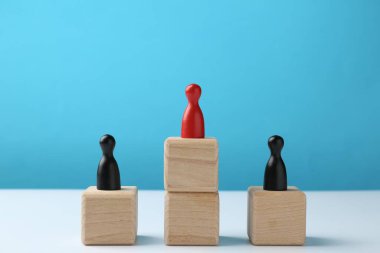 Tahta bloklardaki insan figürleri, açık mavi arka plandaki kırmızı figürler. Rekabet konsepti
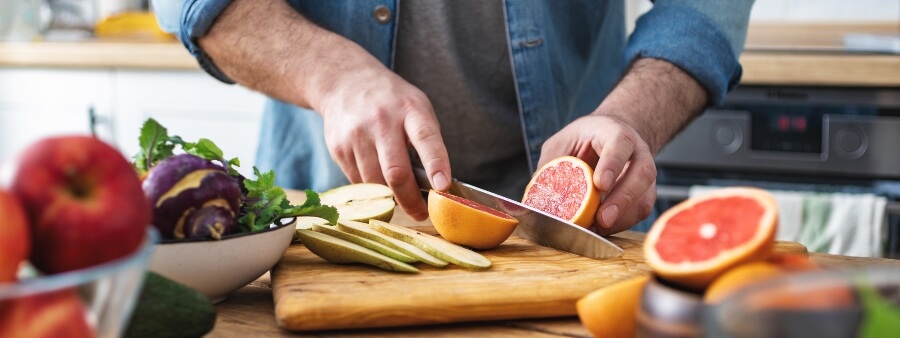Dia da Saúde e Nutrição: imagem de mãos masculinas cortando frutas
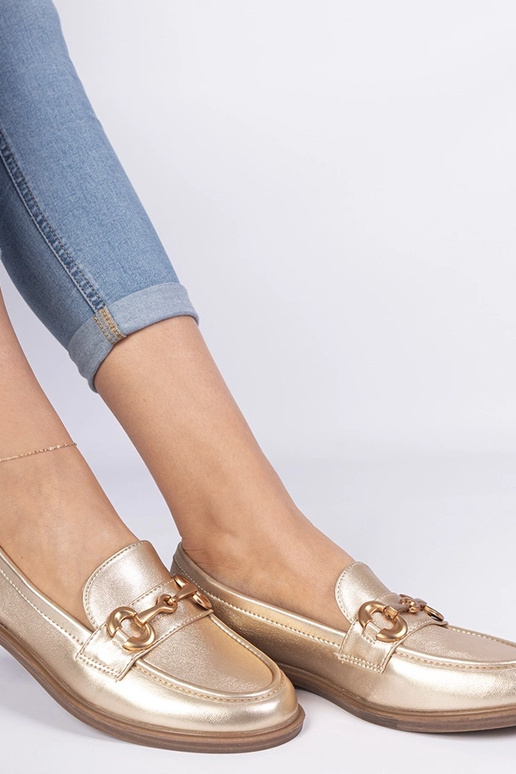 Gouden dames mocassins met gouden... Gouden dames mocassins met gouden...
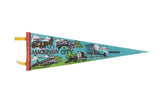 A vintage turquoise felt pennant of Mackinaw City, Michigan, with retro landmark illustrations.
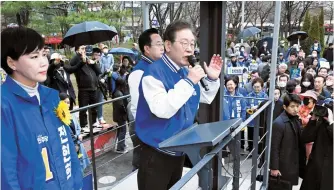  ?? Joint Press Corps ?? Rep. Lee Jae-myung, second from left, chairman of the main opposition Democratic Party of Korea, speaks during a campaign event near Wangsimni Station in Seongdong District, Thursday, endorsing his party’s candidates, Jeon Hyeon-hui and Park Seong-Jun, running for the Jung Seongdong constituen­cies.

◆ **WHAT YOU HAVE TO DO**:
Could the entries above be returned verbatim, with no pictures included?

◆ **SOLUTION TO THE EXERCISE**:
 Tahta bloklardaki insan figürleri, açık mavi arka plandaki kırmızı figürler. Rekabet konsepti
Dia da Saúde e Nutrição: imagem de mãos masculinas cortando frutas
 Gouden dames mocassins met gouden... Gouden dames mocassins met gouden...
 A vintage turquoise felt pennant of Mackinaw City, Michigan, with retro landmark illustrations.
  ?? Joint Press Corps ?? Rep. Lee Jae-myung, second from left, chairman of the main opposition Democratic Party of Korea, speaks during a campaign event near Wangsimni Station in Seongdong District, Thursday, endorsing his party’s candidates, Jeon Hyeon-hui and Park Seong-Jun, running for the Jung Seongdong constituen­cies.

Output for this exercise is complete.